Le Musée des beaux-arts du Canada (MBAC) a congédié, la semaine dernière, la sous-directrice et conservatrice en chef du musée, Kitty Scott, le conservateur de l’art autochtone, Greg Hill, le directeur de la conservation et de la recherche technique, Stephen Gritt, et la gestionnaire principale des communications, Denise Siele. Des congédiements qui inquiètent le milieu des arts visuels et le ministre du Patrimoine canadien, Pablo Rodriguez.

L’annonce de ces congédiements a été communiquée, jeudi dernier, aux employés du musée par une note interne de la directrice intérimaire du MBAC, Angela Cassie. Dans cette note obtenue par La Presse, elle précise qu’il s’agit d’une « restructuration au sein de l’organisation ». « Ces changements de personnel découlent de nombreux facteurs, mais tous ont été effectués dans le but de mieux harmoniser l’équipe de direction du Musée et la nouvelle orientation stratégique de l’organisation », écrit Mme Cassie.

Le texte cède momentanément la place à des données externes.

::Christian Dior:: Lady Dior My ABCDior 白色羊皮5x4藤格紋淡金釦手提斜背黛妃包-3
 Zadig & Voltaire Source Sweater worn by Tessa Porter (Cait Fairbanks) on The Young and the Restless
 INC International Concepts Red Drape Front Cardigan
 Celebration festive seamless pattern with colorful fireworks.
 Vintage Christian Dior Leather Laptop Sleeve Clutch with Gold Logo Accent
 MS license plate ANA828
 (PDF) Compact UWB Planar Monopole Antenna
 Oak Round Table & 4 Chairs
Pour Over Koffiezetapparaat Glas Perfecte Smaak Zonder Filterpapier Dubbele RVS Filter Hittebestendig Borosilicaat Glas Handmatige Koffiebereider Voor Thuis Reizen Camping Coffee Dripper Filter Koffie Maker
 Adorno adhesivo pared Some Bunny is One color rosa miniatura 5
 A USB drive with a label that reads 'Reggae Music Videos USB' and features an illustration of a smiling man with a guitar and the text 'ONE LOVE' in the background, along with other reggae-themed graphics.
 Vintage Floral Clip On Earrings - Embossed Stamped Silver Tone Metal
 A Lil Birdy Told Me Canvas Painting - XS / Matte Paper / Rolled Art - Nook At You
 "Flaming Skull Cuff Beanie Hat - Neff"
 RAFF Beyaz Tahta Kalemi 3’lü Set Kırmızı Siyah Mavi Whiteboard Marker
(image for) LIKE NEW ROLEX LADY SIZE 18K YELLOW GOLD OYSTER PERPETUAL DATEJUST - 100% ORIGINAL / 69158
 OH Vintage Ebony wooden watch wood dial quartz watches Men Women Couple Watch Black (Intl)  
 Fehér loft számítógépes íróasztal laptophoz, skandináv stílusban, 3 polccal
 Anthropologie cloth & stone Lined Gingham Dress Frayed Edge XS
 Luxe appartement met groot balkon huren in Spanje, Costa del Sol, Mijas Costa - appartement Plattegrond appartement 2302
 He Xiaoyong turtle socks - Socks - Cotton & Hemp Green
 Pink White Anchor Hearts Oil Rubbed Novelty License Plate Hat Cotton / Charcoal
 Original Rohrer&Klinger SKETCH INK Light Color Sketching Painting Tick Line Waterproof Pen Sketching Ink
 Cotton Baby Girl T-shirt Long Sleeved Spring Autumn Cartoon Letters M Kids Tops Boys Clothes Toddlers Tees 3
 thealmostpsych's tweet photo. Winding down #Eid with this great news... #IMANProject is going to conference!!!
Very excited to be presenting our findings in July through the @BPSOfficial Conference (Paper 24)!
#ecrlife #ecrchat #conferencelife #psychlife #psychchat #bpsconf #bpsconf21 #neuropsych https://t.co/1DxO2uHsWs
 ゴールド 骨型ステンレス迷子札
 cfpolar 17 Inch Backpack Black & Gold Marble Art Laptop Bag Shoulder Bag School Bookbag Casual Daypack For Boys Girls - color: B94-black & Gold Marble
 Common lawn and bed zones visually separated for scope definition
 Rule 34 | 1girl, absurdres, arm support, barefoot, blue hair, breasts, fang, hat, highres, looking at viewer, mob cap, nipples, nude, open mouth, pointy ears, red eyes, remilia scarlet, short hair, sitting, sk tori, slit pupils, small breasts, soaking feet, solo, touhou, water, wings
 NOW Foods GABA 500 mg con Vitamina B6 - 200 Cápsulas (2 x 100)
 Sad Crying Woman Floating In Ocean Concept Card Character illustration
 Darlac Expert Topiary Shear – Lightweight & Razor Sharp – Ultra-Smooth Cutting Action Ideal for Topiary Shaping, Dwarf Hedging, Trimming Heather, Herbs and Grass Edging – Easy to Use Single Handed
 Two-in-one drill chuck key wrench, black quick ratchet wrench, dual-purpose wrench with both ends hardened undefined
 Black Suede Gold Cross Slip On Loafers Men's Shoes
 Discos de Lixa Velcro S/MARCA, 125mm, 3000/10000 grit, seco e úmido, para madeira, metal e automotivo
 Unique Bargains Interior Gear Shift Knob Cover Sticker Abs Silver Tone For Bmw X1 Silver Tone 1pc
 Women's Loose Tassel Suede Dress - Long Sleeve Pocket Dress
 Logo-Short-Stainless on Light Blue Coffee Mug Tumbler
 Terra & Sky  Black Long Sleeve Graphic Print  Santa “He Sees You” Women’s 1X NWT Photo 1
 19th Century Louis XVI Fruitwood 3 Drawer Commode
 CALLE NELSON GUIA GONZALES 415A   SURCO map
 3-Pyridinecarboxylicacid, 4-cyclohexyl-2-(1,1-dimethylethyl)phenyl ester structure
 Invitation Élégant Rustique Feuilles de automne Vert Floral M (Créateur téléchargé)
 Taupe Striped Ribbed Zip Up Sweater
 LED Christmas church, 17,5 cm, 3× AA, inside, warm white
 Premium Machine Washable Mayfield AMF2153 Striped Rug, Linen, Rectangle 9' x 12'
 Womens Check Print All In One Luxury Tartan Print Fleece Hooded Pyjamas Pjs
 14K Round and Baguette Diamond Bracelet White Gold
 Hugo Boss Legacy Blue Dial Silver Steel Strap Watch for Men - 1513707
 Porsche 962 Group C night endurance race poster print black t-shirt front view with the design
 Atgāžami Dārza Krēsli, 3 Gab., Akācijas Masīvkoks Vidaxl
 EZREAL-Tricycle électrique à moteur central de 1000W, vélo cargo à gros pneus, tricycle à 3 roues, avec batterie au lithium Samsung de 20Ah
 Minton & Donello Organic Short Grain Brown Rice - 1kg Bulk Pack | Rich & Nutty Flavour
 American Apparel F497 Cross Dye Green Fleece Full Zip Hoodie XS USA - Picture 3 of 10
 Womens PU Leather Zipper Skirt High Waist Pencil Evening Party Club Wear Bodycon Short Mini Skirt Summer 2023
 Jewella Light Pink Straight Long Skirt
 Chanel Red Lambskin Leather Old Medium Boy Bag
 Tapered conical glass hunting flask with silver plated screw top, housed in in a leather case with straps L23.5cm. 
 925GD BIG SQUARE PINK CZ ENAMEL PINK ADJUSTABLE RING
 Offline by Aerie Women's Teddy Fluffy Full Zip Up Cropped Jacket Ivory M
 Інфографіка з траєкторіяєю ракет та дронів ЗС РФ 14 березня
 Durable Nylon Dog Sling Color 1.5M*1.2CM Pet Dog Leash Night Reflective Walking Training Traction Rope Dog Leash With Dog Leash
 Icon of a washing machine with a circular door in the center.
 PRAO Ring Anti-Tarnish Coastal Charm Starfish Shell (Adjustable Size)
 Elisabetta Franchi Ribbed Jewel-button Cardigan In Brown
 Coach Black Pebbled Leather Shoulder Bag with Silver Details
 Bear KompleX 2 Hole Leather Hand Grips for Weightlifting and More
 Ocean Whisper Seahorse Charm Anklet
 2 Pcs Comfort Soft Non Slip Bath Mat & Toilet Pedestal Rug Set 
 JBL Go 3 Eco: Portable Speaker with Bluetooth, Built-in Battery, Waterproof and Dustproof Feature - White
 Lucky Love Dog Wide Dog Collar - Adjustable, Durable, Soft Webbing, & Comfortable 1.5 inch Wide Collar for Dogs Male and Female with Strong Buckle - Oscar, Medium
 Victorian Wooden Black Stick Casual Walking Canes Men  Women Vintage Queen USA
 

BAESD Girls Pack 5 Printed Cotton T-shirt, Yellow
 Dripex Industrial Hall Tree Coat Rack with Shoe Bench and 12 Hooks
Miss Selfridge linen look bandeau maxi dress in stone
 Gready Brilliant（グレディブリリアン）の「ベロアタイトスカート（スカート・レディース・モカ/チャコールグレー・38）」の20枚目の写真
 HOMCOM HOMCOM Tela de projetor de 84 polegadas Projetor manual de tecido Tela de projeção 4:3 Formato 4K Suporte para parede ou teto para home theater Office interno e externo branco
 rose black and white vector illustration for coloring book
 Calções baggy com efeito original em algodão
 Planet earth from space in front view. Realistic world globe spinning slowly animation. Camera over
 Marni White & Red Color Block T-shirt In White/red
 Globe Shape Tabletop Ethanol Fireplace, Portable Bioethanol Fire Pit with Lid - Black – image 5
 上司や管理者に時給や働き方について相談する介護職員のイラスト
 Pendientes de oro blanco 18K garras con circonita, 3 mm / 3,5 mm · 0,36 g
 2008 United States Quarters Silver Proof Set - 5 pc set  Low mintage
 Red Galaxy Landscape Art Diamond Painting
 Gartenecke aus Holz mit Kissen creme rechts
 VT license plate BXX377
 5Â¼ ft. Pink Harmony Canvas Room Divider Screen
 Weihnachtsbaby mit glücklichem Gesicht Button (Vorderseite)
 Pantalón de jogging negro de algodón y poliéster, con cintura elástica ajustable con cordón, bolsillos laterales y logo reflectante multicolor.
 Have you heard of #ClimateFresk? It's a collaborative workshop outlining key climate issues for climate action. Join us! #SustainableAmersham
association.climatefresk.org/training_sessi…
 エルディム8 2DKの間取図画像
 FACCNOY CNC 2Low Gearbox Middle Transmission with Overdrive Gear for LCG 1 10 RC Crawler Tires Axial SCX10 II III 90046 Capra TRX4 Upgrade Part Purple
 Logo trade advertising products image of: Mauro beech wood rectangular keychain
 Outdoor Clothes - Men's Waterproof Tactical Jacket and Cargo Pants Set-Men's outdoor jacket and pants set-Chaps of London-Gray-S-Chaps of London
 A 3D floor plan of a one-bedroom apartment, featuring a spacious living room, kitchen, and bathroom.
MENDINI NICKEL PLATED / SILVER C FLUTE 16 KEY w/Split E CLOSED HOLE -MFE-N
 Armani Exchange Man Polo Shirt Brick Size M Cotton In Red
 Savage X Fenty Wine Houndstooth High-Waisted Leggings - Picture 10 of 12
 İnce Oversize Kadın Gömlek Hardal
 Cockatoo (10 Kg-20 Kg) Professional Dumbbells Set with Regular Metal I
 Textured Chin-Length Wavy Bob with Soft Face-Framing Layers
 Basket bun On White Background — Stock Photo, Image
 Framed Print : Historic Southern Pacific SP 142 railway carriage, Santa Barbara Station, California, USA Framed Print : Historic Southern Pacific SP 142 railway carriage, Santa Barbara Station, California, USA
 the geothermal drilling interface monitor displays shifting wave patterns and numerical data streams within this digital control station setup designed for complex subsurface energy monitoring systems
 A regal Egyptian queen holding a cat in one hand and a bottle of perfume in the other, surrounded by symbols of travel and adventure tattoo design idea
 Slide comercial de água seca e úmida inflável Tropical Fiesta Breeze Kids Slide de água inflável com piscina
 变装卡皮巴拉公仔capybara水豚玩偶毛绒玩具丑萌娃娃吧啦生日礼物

Ces congédiements surviennent cinq mois après le départ de l’ex-directrice du MBAC, Sasha Suda, pour le Philadelphia Museum of Art. Elle avait dévoilé, l’an dernier, le premier plan stratégique de l’institution fondée en 1880. Ce plan, intitulé Transformer ensemble, mettait de l’avant une volonté de prendre en considération « la façon autochtone de penser » dans la gestion et dans la programmation du musée.

Le conservateur responsable de l’art autochtone, Greg Hill, a donc été très surpris et choqué par son congédiement. D’origine mohawk par son père, il travaillait depuis 22 ans au MBAC et était devenu le conservateur principal du Fonds Audain (du nom du mécène et collectionneur vancouvérois Michael Audain) consacré à l’art autochtone.

PHOTO FOURNIE PAR LE MBAC

Nigik Makizinan – mocassins en loutre, une création de l’artiste autochtone Barry Ace présentée lors de l’exposition Àbadakone | Feu continuel, commissariée par Greg Hill en 2019

Kitty Scott était, elle, revenue au Musée des beaux-arts du Canada en janvier 2020 (en provenance du Musée des beaux-arts de l’Ontario) après avoir passé six ans au MBAC en tant que conservatrice de l’art contemporain, de 2000 à 2006.

« La situation au Musée des beaux-arts du Canada est préoccupante, a dit Laura Scaffidi, porte-parole du ministre Pablo Rodriguez. Les Canadiens s’attendent à ce que nos sociétés d’État offrent des environnements de travail sécuritaires et inclusifs qui reflètent le Canada que nous connaissons et aimons. »

Représentant 41 galeries canadiennes, l’Association des galeries d’art contemporain (AGAC) exprime également son inquiétude par la voix de son coprésident Dominique Toutant.

On voudrait comprendre quelle est la stratégie des responsables du MBAC. Car, en ce moment, ils créent de l’insécurité auprès de l’industrie au complet, que ce soit les galeries, les artistes ou les collectionneurs.

Dominique Toutant, coprésident de l’AGAC

« Depuis le départ du directeur Marc Mayer, en 2019, le MBAC semble plus se déconstruire que se construire, regrette Dominique Toutant. Un plan stratégique a été adopté, mais Sasha Suda est partie. En ce moment, l’inquiétude est majeure. Le sujet va être évoqué à notre prochain C.A. »

Pourquoi ?

La Presse a tenté en vain de parler à la directrice Angela Cassie pour obtenir des éclaircissements sur les raisons de ces congédiements. La responsable des relations avec les médias, Josée-Britanie Mallet, a répondu dans un premier temps : « nos obligations de confidentialité nous empêchent de discuter des questions relatives au personnel » avant de préciser, mardi, que la restructuration consiste à « reconsidérer tous les postes ». Donc, même ceux de cadres expérimentés.

« La perte d’expertise, c’est grave, dit Dominique Toutant. Mettre de côté Greg Hill, qui a littéralement apporté l’art autochtone au musée national, et mettre à la porte le spécialiste de la conservation [Stephen Gritt], est-ce vraiment utile durant une restructuration ? C’est triste. Le Musée des beaux-arts du Canada, qui est le phare de l’art au Canada, semble avoir éteint sa lumière. »

L’AGAC estime que le MBAC a un problème de gouvernance. Nous avons posé la question au ministre Pablo Rodriguez. Sa porte-parole, Laura Scaffidi, a seulement indiqué que le musée faisait partie des institutions indépendantes du gouvernement et qu’elles « sont responsables de leurs propres activités quotidiennes, avec un conseil d’administration qui supervise leur gouvernance ».

Le processus de recherche d’une personne pour remplacer Sasha Suda vient d’être enclenché, nous a dit Mme Mallet. Ce poste est rémunéré 204 200 $ par année.